| Summary: | Deadlock in WorkbenchErrorHandler.handle | ||||||||
|---|---|---|---|---|---|---|---|---|---|
| Product: | [Eclipse Project] Platform | Reporter: | Aurelien Pupier <apupier> | ||||||
| Component: | UI | Assignee: | Andrey Loskutov <loskutov> | ||||||
| Status: | VERIFIED FIXED | QA Contact: | |||||||
| Severity: | normal | ||||||||
| Priority: | P3 | CC: | daniel_megert, Lars.Vogel, loskutov, manoj.palat, sxenos | ||||||
| Version: | 4.6 | Flags: | sxenos:
review+
Lars.Vogel: review+ |
||||||
| Target Milestone: | 4.6.2 | ||||||||
| Hardware: | All | ||||||||
| OS: | All | ||||||||
| See Also: |
https://git.eclipse.org/r/81517 https://git.eclipse.org/r/81663 https://git.eclipse.org/c/platform/eclipse.platform.ui.git/commit/?id=4a17b8684b5f45f7fad8d36e904b17fff424011f https://git.eclipse.org/r/82388 https://git.eclipse.org/c/platform/eclipse.platform.ui.git/commit/?id=fade9db40d6ed0cfb263fa64206cbc89e3772217 |
||||||||
| Whiteboard: | |||||||||
| Bug Depends on: | 241244 | ||||||||
| Bug Blocks: | |||||||||
| Attachments: |
|
||||||||
|
Description
Aurelien Pupier
From the stacktrace, the Worker 32 calls JMM.putInfos() which has locked and worker 1 and main are waiting at JMM.getInfo() to unlock. The last part of worker 32 has the following ST: java.lang.Object.wait(Native Method) org.eclipse.ui.internal.Semaphore.acquire(Semaphore.java:43) org.eclipse.ui.internal.UISynchronizer.syncExec(UISynchronizer.java:164) org.eclipse.swt.widgets.Display.syncExec(Display.java:4813) Moving to ui for comments. Adding Andrey, our "deadlock solving expert". Can we have a *full* thread dump please (as attachment)? I must confess, the unusual stack format confuses me. Beside this this seem to be a classical deadlock. main waits on Worker-32, Worker-32 waits on main. The root problem starts at main, where JavaModelManager.getInfo (guarded by a lock on JavaModelManager) is accessed from UI thread (implicit lock on UI is taken and the next one on JavaModelManager can't be acquired). So the main waits on a job. The misery continues with the Worker-32 job, which gets an exception in ContentType.describe() and that code logs an exception, which the WorkbenchErrorHandler decides to show via Display.syncExec => kaboom, deadlock is perfect. I wonder why WorkbenchErrorHandler is allowed to run syncExec from a non UI context (I see this was added via bug 241244 in commit 1904f477320dac4a9f4d45f7be478efba4a0b735). This is highly dangerous. I will check this. Hi Andrey, sorry, not possible to provide you the full thread stack.
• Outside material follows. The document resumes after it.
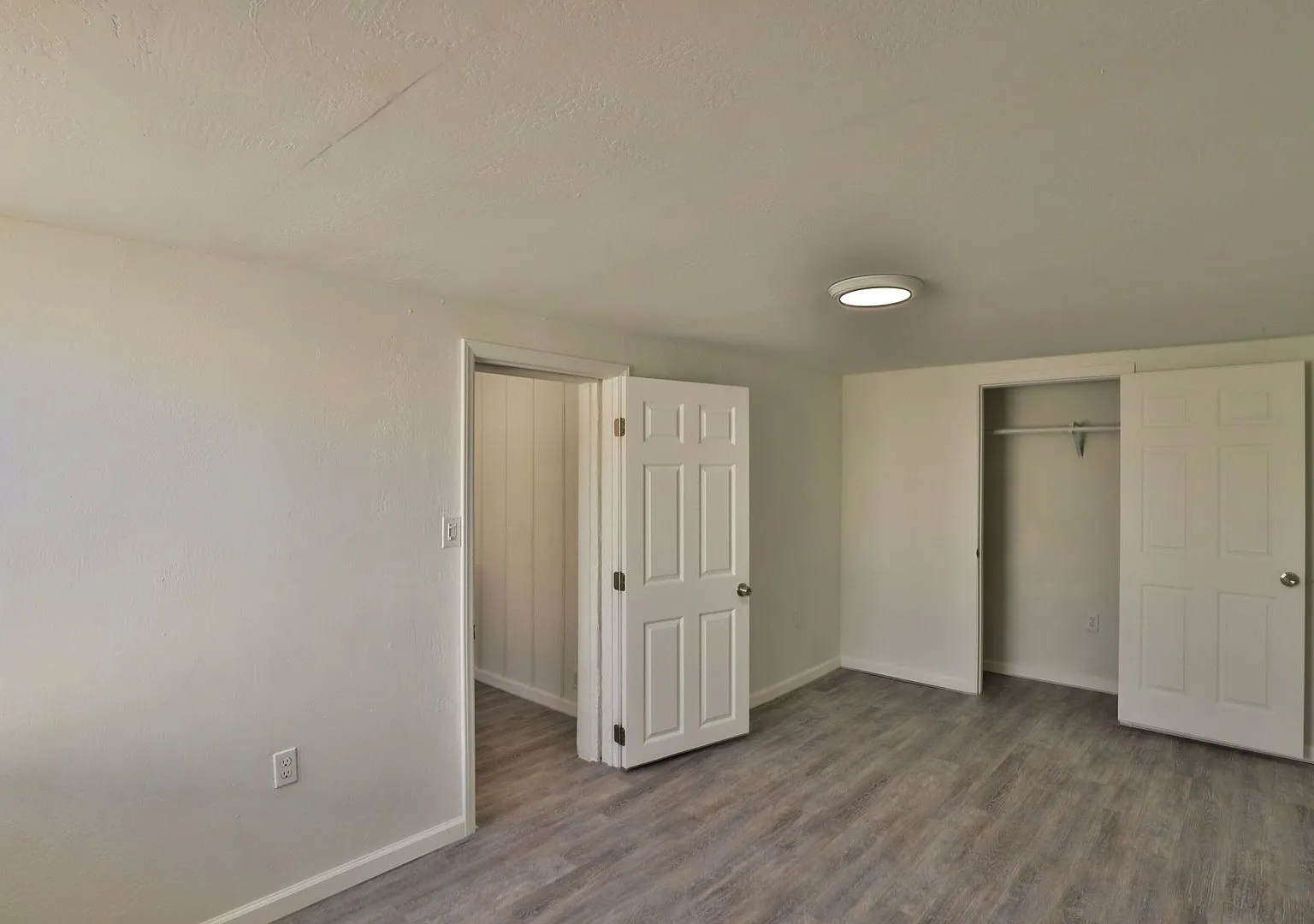 102 E. Hatcher Rd. (CB) — Photo 1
I extracted the interesting part of the stacks and forget to create the full thread stack after. It happened only one time, I don't know how to reproduce the issue. The concrete problem manifestation could be probably "fixed" by changing org.eclipse.core.internal.content.ContentType.describe(IContentDescriber, ILazySource, ContentDescription) implementation NOT to log *any* Error like below but throw "new IllegalStateException(e)" in the code below:
} catch (Error e) {
// describer got some serious problem. disable it (logging the reason) and throw the error again
invalidateDescriber(e);
throw e;
}
because org.eclipse.ui.internal.ide.IDEWorkbenchErrorHandler.handle(StatusAdapter, int) converts any innocent "log" to a *blocking* call to Display.syncExec on any OutOfMemoryError, StackOverflowError, VirtualMachineError or SWTError.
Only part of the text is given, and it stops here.